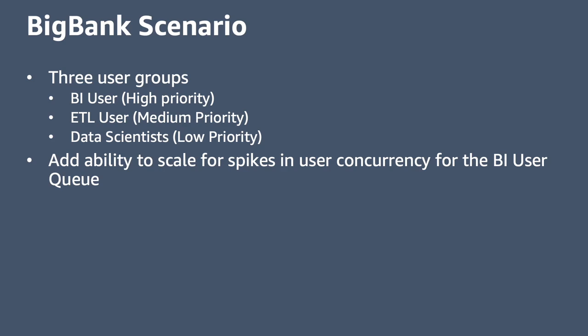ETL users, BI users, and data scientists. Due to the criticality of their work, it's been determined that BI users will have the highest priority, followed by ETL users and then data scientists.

--

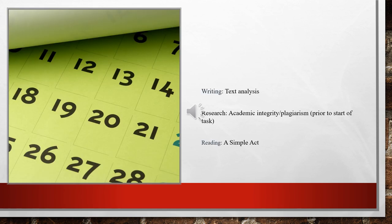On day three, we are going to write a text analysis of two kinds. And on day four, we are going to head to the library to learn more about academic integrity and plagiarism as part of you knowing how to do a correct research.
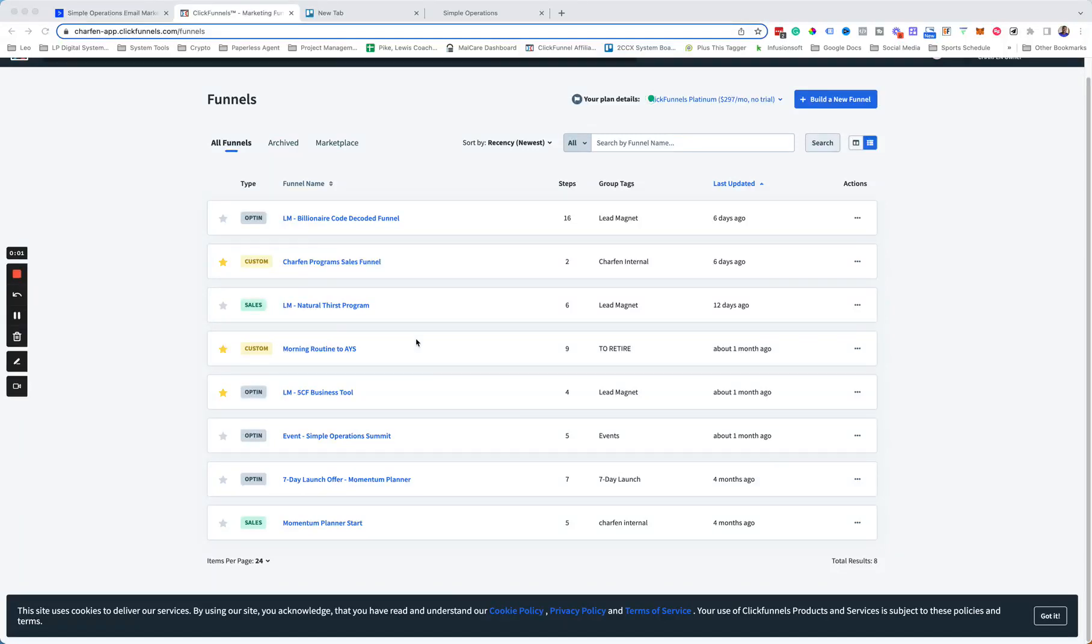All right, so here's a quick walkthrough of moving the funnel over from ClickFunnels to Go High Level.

* * *

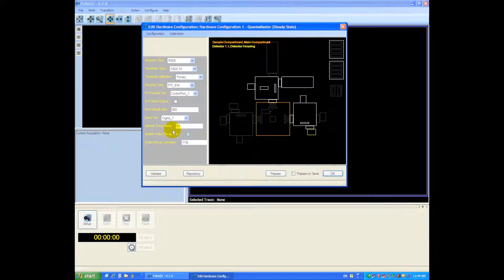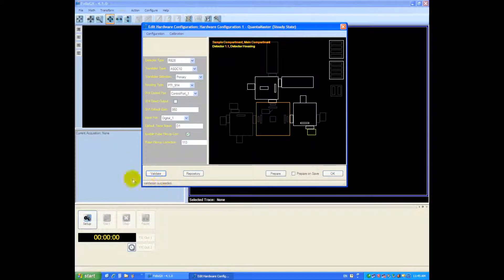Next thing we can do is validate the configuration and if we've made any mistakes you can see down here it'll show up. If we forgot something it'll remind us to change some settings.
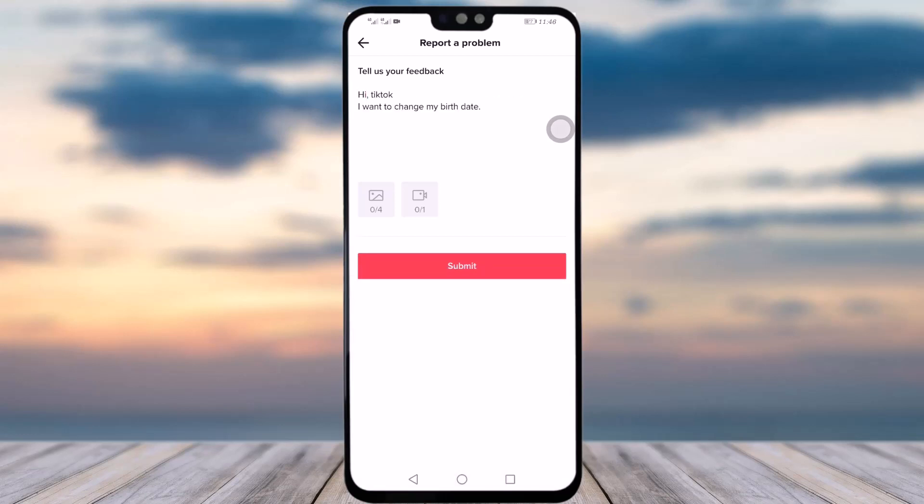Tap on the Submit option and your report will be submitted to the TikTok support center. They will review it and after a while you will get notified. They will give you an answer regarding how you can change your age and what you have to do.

» WORK TASK:
Using the listing above, reproduce word for word every line from the one containing "On day three, we" through the one containing "All right, so". Pictures must be left out.

» RESULT:
On day three, we are going to write a text analysis of two kinds. And on day four, we are going to head to the library to learn more about academic integrity and plagiarism as part of you knowing how to do a correct research.
All right, so here's a quick walkthrough of moving the funnel over from ClickFunnels to Go High Level.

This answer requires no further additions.